And again, many thanks for your insight.
You are welcome.
Bed got the better of me about 5 minutes after i
replied yesterday, so apologies for the belated
response.
I'm writing a program that is a remote control for another application.
I would like to record information about 'how the other app is used',
(in particular how its mdi forms are moved around) but the jounal
record/playback doesnt fit the bill because when i am remote
controlling the other app, it sits under a transparent window in my
form.
Totally complicated, but absolutely necessary!
Besides, the other apps mid windows always popup in stupid places. lol,
standard.
There are also a million other functions i would like to include, and
most of them will need to peer into the messages of particular windows
in the accursed other app.
OK, so this is at the level of thinking out loud so take it with a grain of
salt.
You might want to take a look at the Computer Based Training (CBT) hook. The
problem it lives to solve is not remote control but rather user training.

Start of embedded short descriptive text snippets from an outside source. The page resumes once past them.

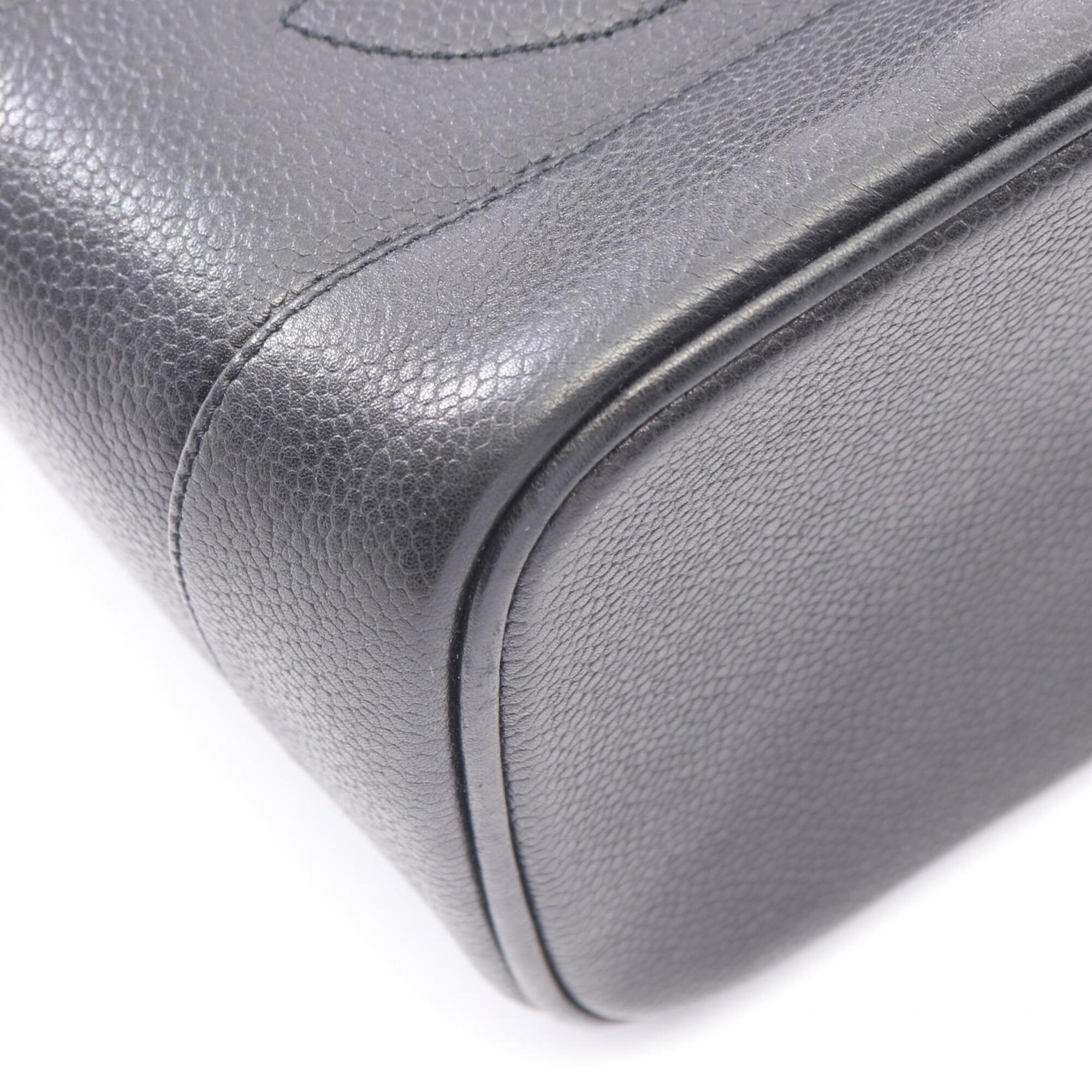 Chanel Black Grained Calfskin Handbag (Pre-Owned)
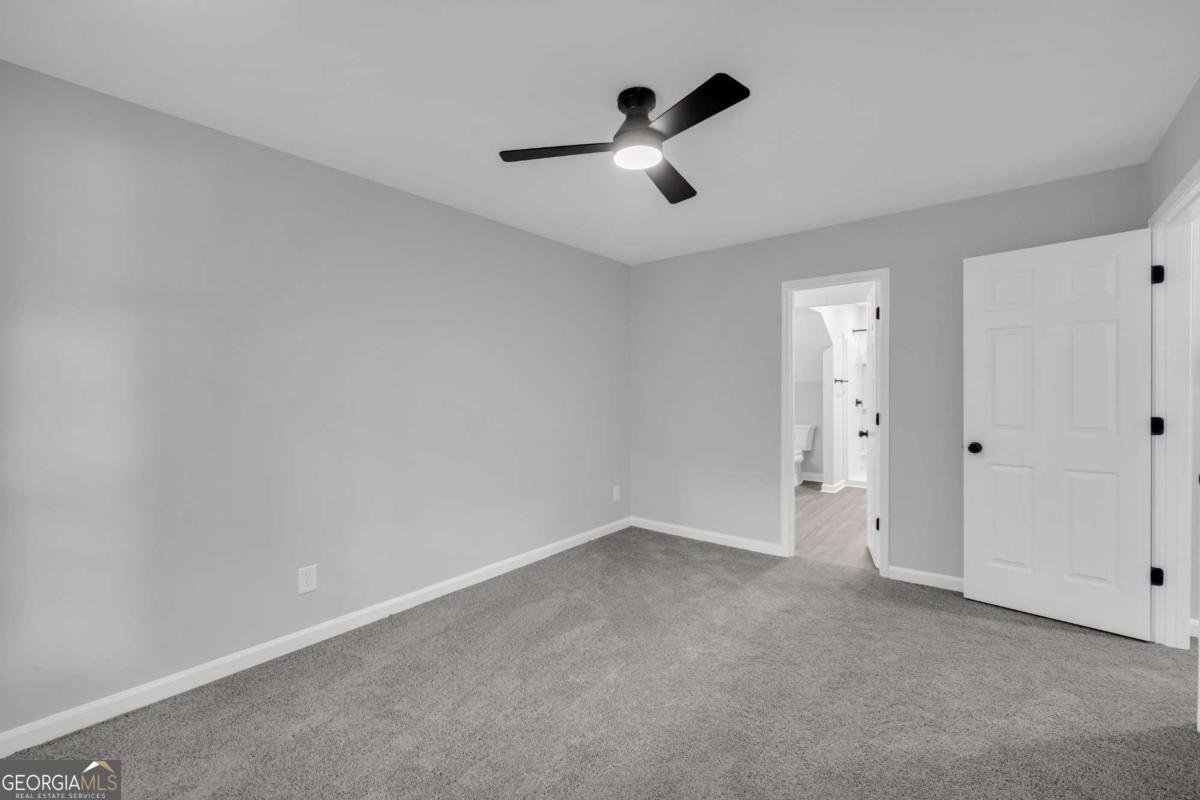 1044 Autumn Crest Court Stone Mountain - Photo 18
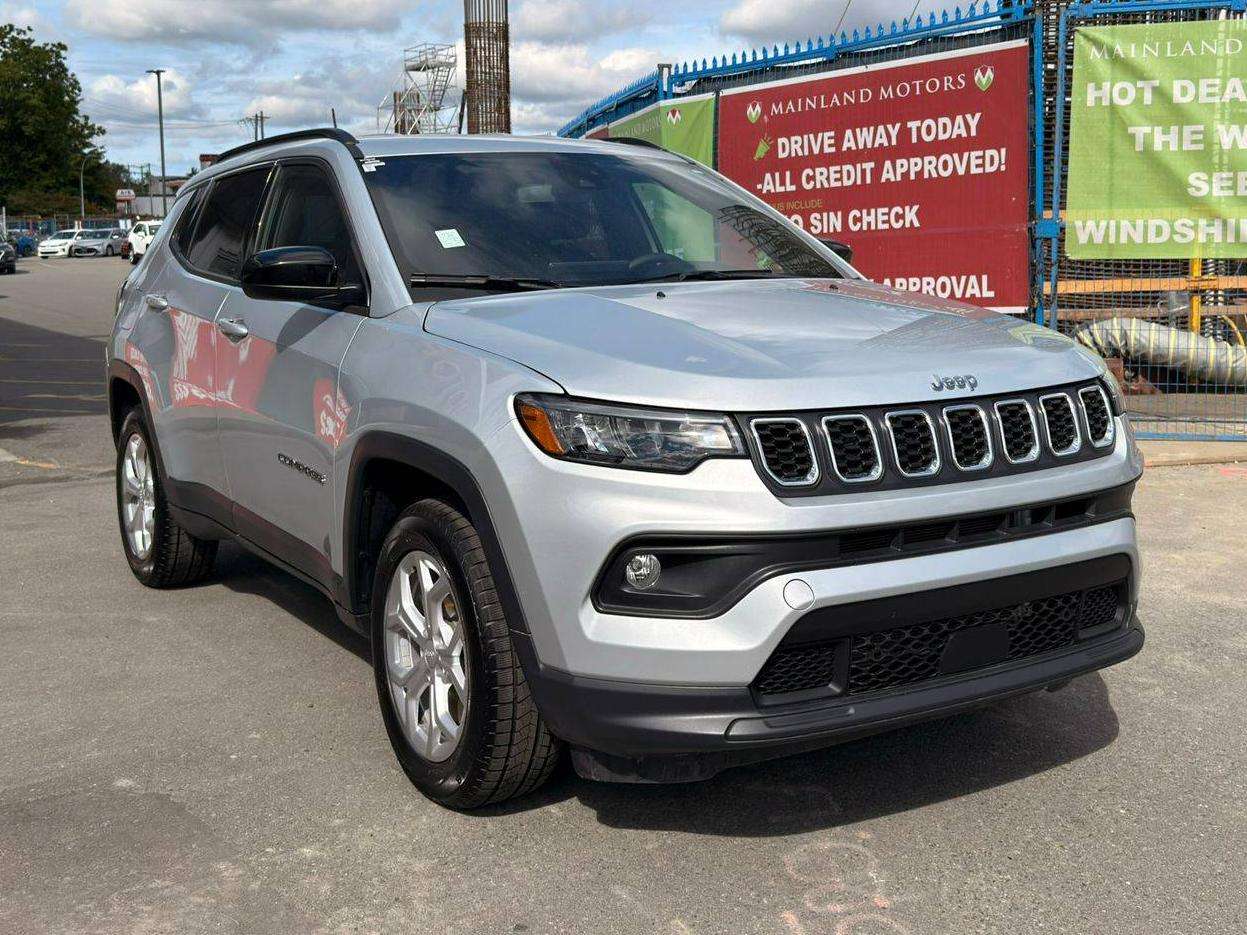 2024 Jeep Compass — view 3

Typically these applications first demonstrate a sequence of user interface
options and say - OK - now you try it. That's where the hook comes into
play. I receives notification of the user's actions and compares that to
what it expected to see if the user is catching on. Perhaps that's along the
lines of what you want when you say
<quote>
I would like to record information about 'how the other app is used'
</quote>
There is another option as well. I am assuming that you don't have the
source to the application that you want to control. So at first blush you
need the system wide hook bit it seems intrusive and wasteful where you want
to control one application. So you might want
[In your application]
a) register a private message - see RegisterWindowMessage()
b) set a WH_CALLWNDPROC hook system wide - SetWindowsHookEx(WH_CALLWNDPROC,
...)
c) send the target application the registered message
[in your hook DLL]
d) on reception of the private message load your remote control stuff into
the target application
(because you get control in the target process (on NT/2K/XP/2K+3) you can
now use thread specific hooks)
[in your application]
e) remove the hook after having sent the private message
In that way, you have a system wide hook installed only for the short time
it takes to put your remote control business in operation. Note that no
matter how you go, debugging code that you use to instrument an external
application is always a bear. Good luck.